I've been furiously porting my Ramaze CRUD helper from DataMapper to ActiveRecord and I've been quite surprised to find that it's only taken a couple of hours. I should hastily point out for non-programmer types, that CRUD stands for Create Read Update Delete – the four basic operations you can perform on a data entity.
My helper makes it super-easy to produce basic CRUD web pages for any data entity, with just a couple of lines of code in your helper – a bit like Rails scaffolds but without the scaffolding! Sounds like magic, I hear you yell! Well yes, but it's my magic that I wrote from scratch so it's not magic to me 🙂
It's been an easy port between ORMs mostly because the concepts and syntax map over with relatively little fuss, and actually 98% of my CRUD helper code is not concerned with the DB, but rather with running the web UI. So the few places that actually perform a DB operation needed a bit of tweaking to use the right syntax, but it's been pretty smooth sailing. Hopefully it will be easier with AR to neatly deal with many-to-many associations without having to explicitly fool around with the join table. We shall see, as that's what foxed me with DataMapper and caused me to switch.
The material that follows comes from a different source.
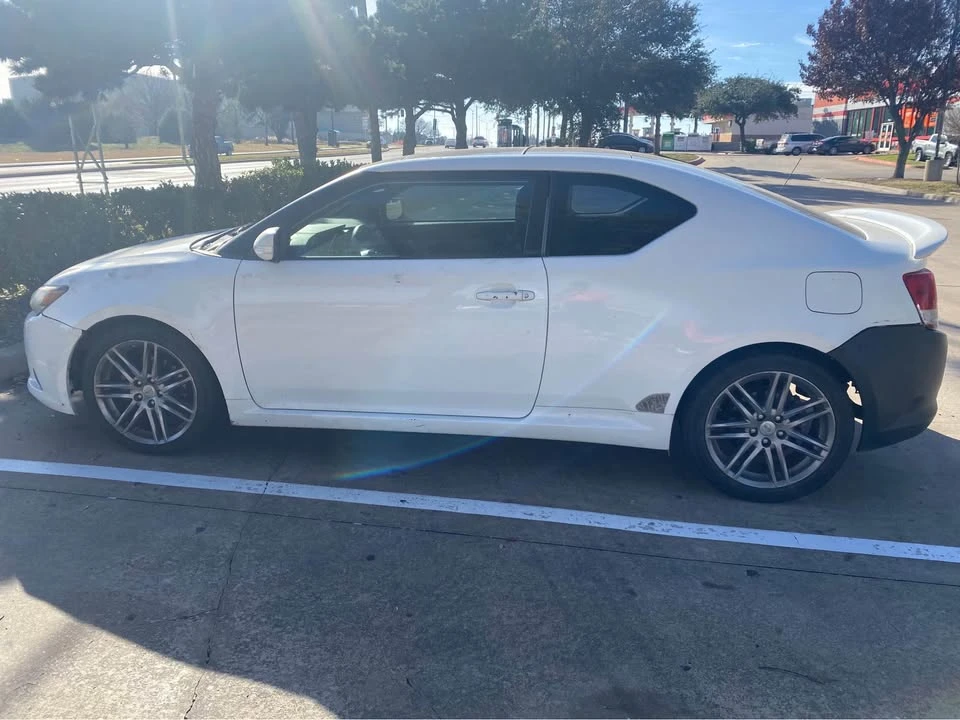 2011 Scion tC - Image 2 of 6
One very important thing to mention is that when using ActiveRecord outside of Rails you have to know that it was originally written for the single-threaded Rails world. Hence it just maintains a very small connection pool (say 3) and those connections quickly run out in a threaded environment – Ramaze in my case. This leads to strange pauses of several seconds as your request handling thread waits for a connection to come free. They come free after about 5 seconds of inactivity, so you get one reasonably soon, but the multi-second pause is infuriating and very confusing. A neatly packaged solution is handily presented and well explained here: http://coderrr.wordpress.com/2009/01/16/monkey-patching-activerecord-to-automatically-release-connections/. Note that there is a link at the bottom to the single-file patch that just sorts everything out for you, so if you can't be bothered to read the explanations, head straight for that, require it in your project and you're away.